Die USA wollen im kommenden Jahr rund 110.000 Flüchtlinge aufnehmen. Das Kontingent steigt damit um 30 Prozent. Rund 40.000 Asylsuchende sollen aus der Region Nahost und Südasien kommen. In diesem Gebiet liegt auch Syrien. Die Flüchtlingsaufnahme zählt zu den heißen Themen beim US-Präsidentschaftswahlkampf.

Weltbankchef Kim bleibt für fünf weitere Jahre im Amt. Bis zum Ablauf der Bewerbungsfrist hat sich kein Gegenkandidat gemeldet, teilte der Exekutivrat mit. Er will nun bis Anfang Oktober das Besetzungsverfahren abschließen. Kims Amtszeit läuft noch bis Mitte 2017. Für eine Verlängerung hatte sich u.a. Deutschland stark gemacht. Kim ist nicht unumstritten. Die Mitarbeitervereinigung der Weltbank wirft dem 56-jährigen Führungsschwäche und mangelnde Transparenz vor.

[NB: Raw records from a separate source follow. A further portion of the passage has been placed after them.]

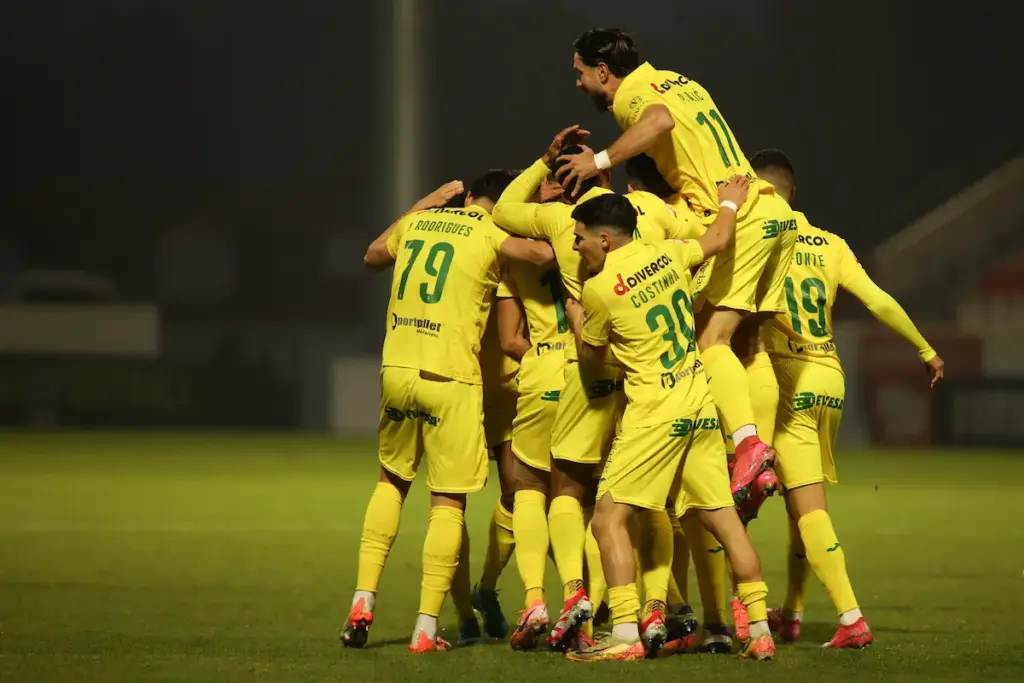 Os jogadores do FC Paços de Ferreira comemoram o golo de Marcos Paulo ao FC Penafiel, na 21ª jornada da Liga Portugal Meu Super.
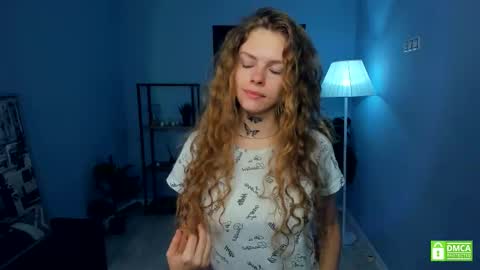 Natalie online show from 11/16/25, 05:02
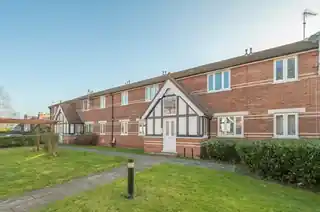 13 Haynes Close, photo 2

Im Zentrum Namibias wird Wasser künftig deutlich teurer. Das habe der Staatsbetrieb NamWater [engl.] angekündigt, berichtet der Namibian. Grund seien Ausgaben von insgesamt 235 Millionen Namibia Dollar für Projekte zur Sicherstellung der Wasserversorgung. So habe die Regierung NamWater angewiesen, der Stadt Windhoek 100 Millionen Dollar zur Verfügung zu stellen. Weitere 45 Millionen Dollar sind laut NamWater für die erhöhte Menge an Wasser aus Kombat nötig, die zur Versorgung von Windhoek und Okahandja beiträgt. Das Unternehmen versicherte zugleich, noch genügend Rücklagen für weitere Wasser-Projekte zu haben.

Auf der Pelzauktion in Kopenhagen sind alle Karakul-Felle aus Namibia verkauft worden. Wie der Vermarktungsbetrieb Agra gestern mitteilte, wurden allerdings auch nur rund 46.000 Felle angeboten – rund 10.000 weniger als im April. Der Durchschnittspreis habe bei 466 Namibia Dollar 25 Cent gelegen – und damit vier Prozent unter dem Wert der vorigen Auktion im April. Das sei jedoch vor allem auf den höheren Wechselkurs des Rand zurückzuführen. Den höchsten Preis erzielte laut Agra ein Lot weißer Fellchen mit 1.823 Dollar 81 Cent. Bei schwarzen Fellchen lag der Höchstpreis bei 1.780 Dollar 38 Cent.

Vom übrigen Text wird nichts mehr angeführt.